# Riley Selfridge Cross Post from GRRI



## sunshinesmom (Sep 24, 2008)

Bless you, Riley!! What a brave and wonderful boy you were.


----------



## AmberSunrise (Apr 1, 2009)

Godspeed brave Riley - you are forever a hero.


----------



## Augie's Mom (Sep 28, 2007)

Bless you Riley. What an amazing boy you were, a true hero.


----------



## Jackson'sMom (Oct 13, 2007)

Now there is a hero!


----------



## rappwizard (May 27, 2009)

Gee, I remember seeing that photo for the first time and struggling to hold back tears. Blessings to this ambassador of the breed and his owner/handler.


----------



## Karen519 (Aug 21, 2006)

*Riley*

Riley, God Bless You! You are a true hero.:--heart:

Please have lots of fun at the Rainbow Bridge playing-you sure deserve it.:--heart:

God Speed, Riley!!!:--heart:


----------



## AtticusJordie (Aug 15, 2006)

rappwizard said:


> Gee, I remember seeing that photo for the first time and struggling to hold back tears. Blessings to this ambassador of the breed and his owner/handler.
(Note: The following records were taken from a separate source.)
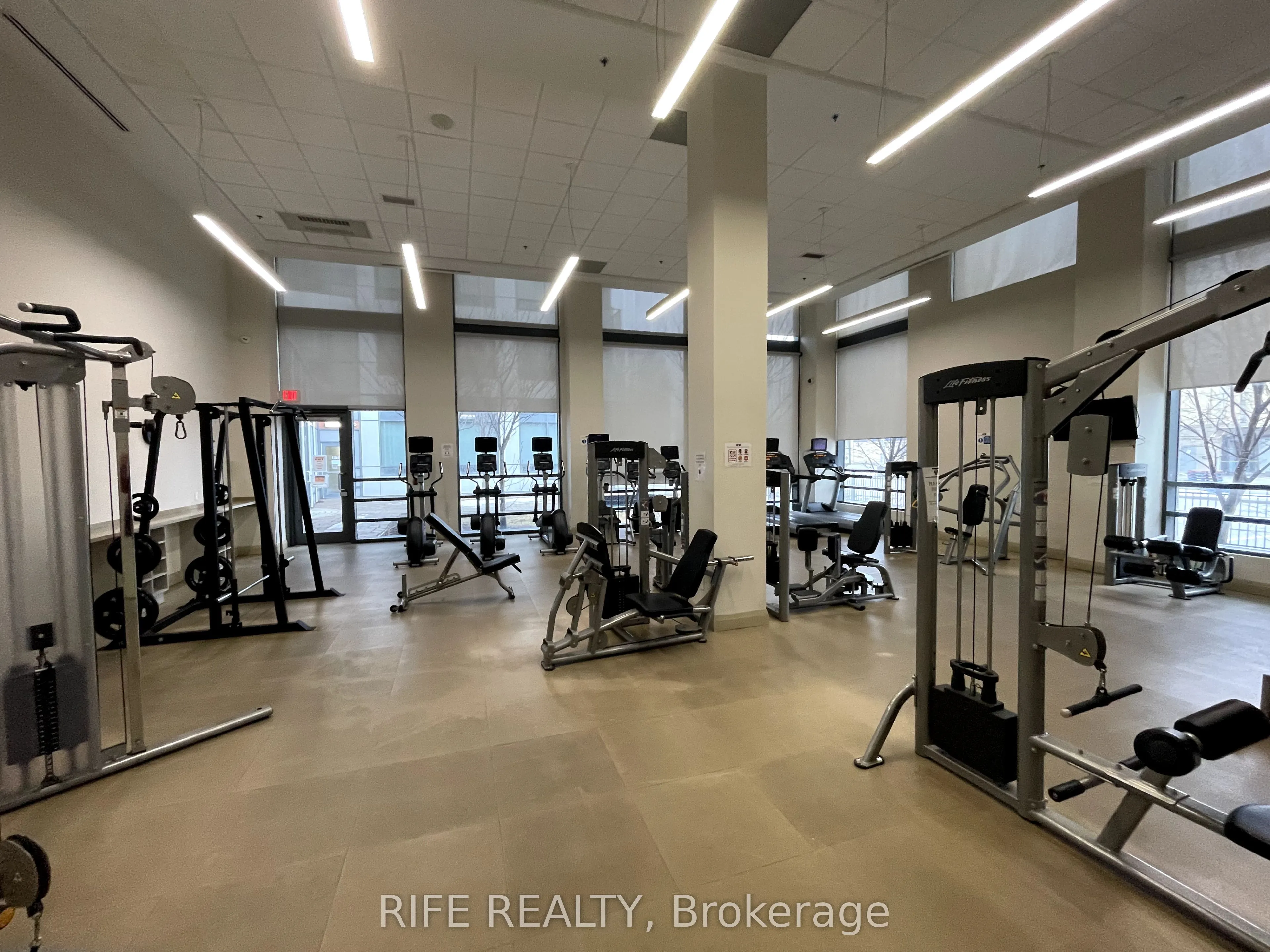 195 Bonis Avenue, #2309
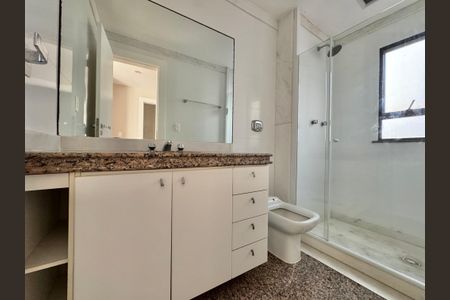 Apartamento para alugar com 270m², 3 quartos e 3 vagasSuíte 1 - Banheiro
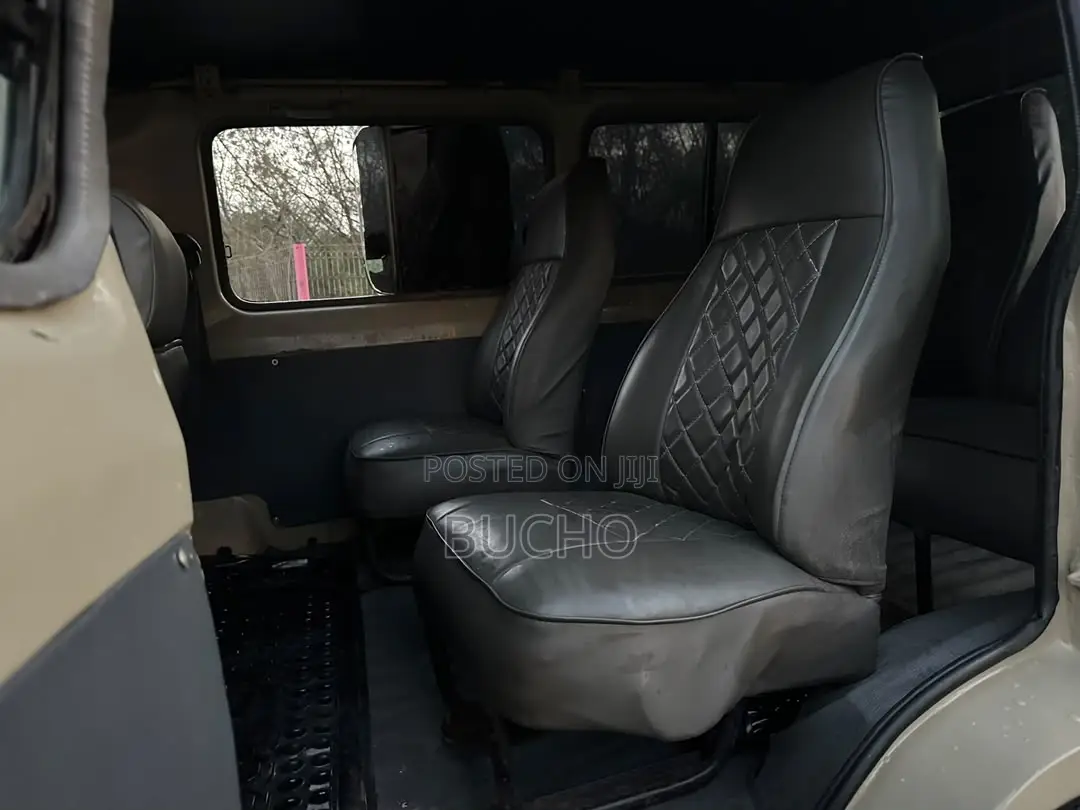 Toyota Land Cruiser 1989 Ivory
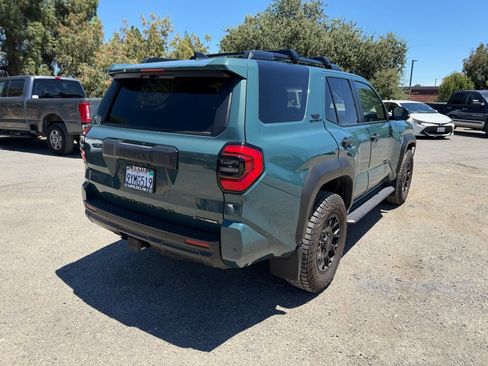 Used 2026 Toyota 4Runner TRD Off-Road Premium AWD/4WD image 5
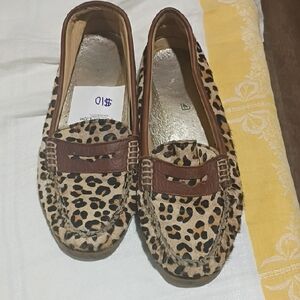 unigue Sperry Topsiders Leopard Print Loafers with Brown Accents Size 9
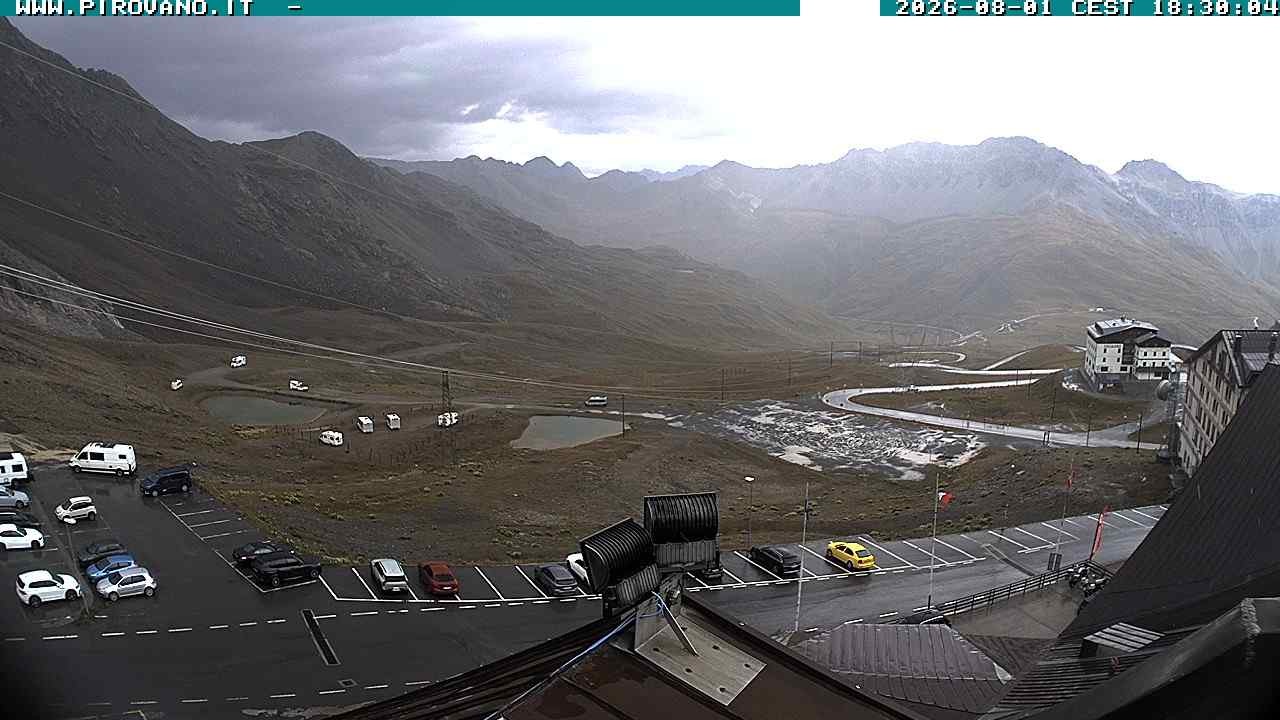 Archiv Foto Webcam Passhöhe Stilfserjoch, Valle del Braulio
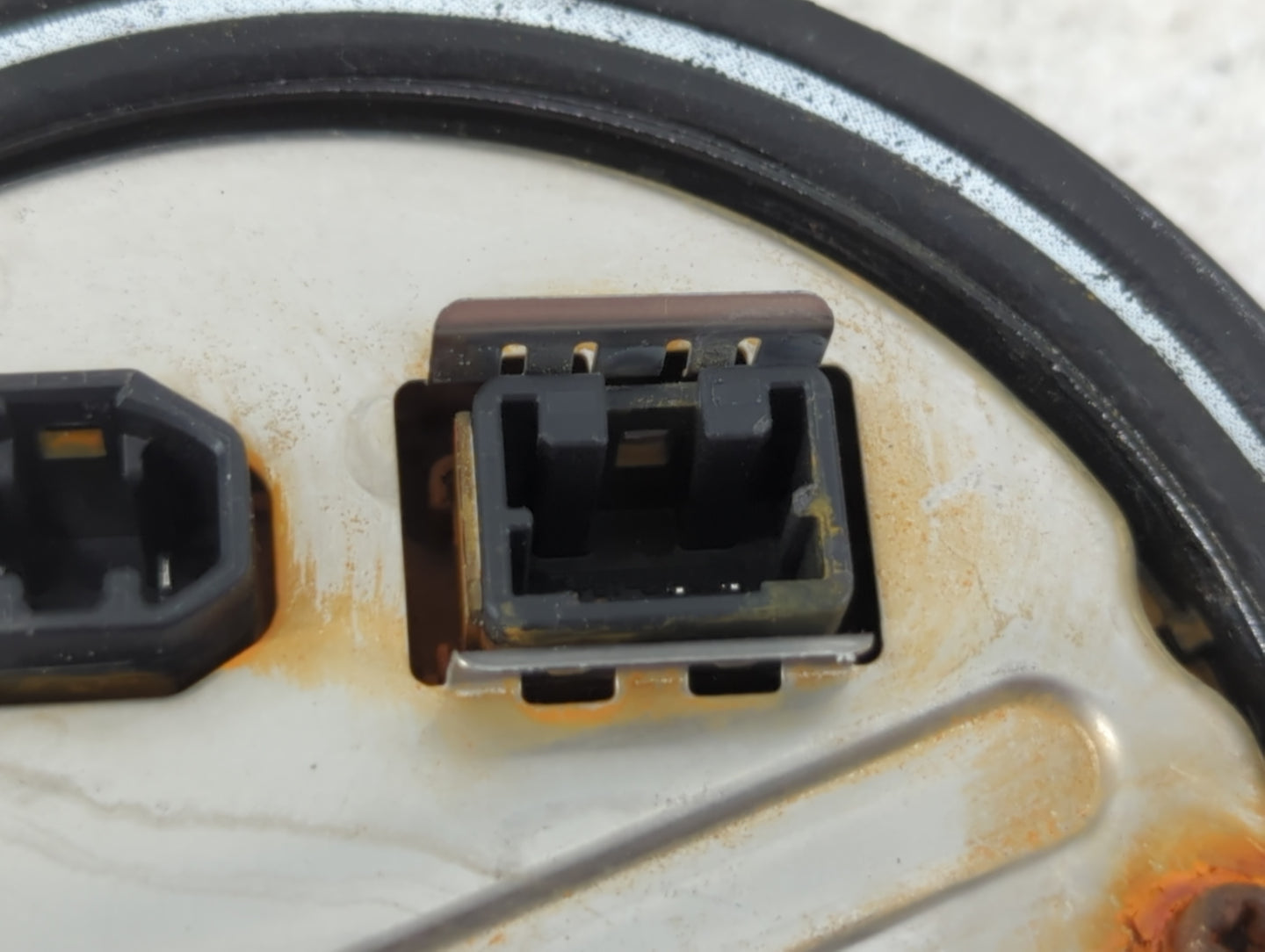 2011-2015 Chevrolet Camaro Headlight Ballast Head Light - Oemusedautoparts1.com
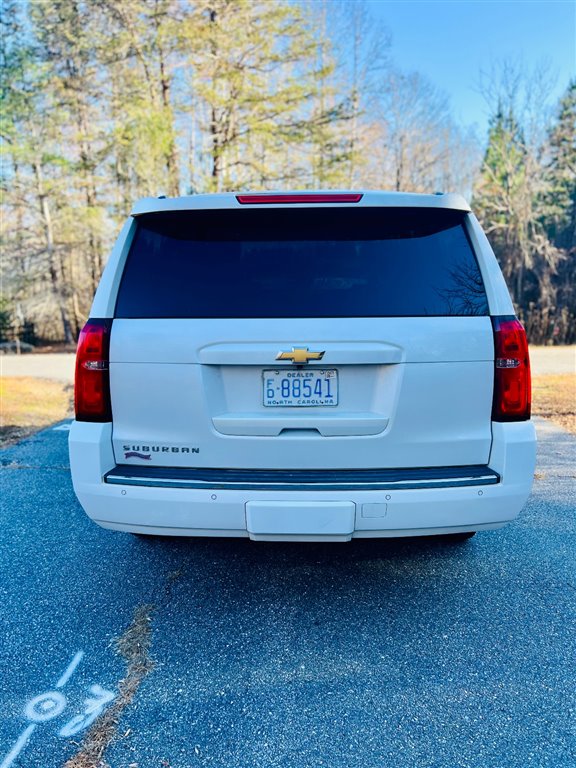 ChevroletSuburban LTZ 4WD3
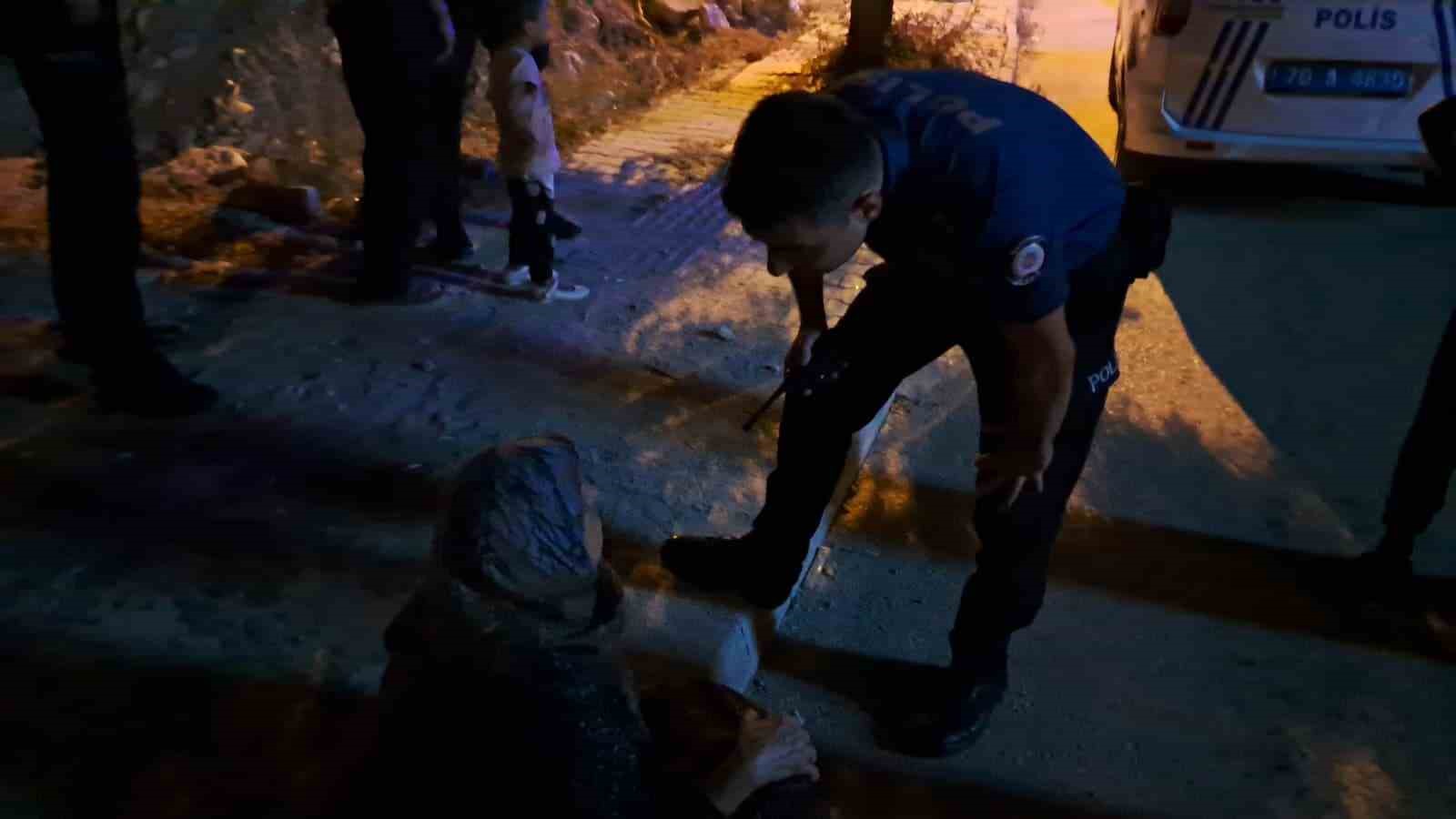 Akli dengesi bozuk şahıs 78 yaşındaki annesini darp edip eve kilitledi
This is the first time I've seen this. I can't figure out what this water is running down my face......... Too many memories.

God Speed Riley--you were a very special dog!

SJ


----------



## WLR (May 11, 2008)

[QUOTE Too many memories. SJ[/QUOTE]
=====================================
Yes there are... I used to work there.


----------



## C's Mom (Dec 7, 2009)

Bless your heart Riley. Tissue time.


----------



## 3 goldens (Sep 30, 2005)

He was a hero, a speical boy.


----------



## BeauShel (May 20, 2007)

Run Free Sweet Riley!!! Chase Tennis Balls Roll in the Fields You Deserve it. Such a great hero!!


----------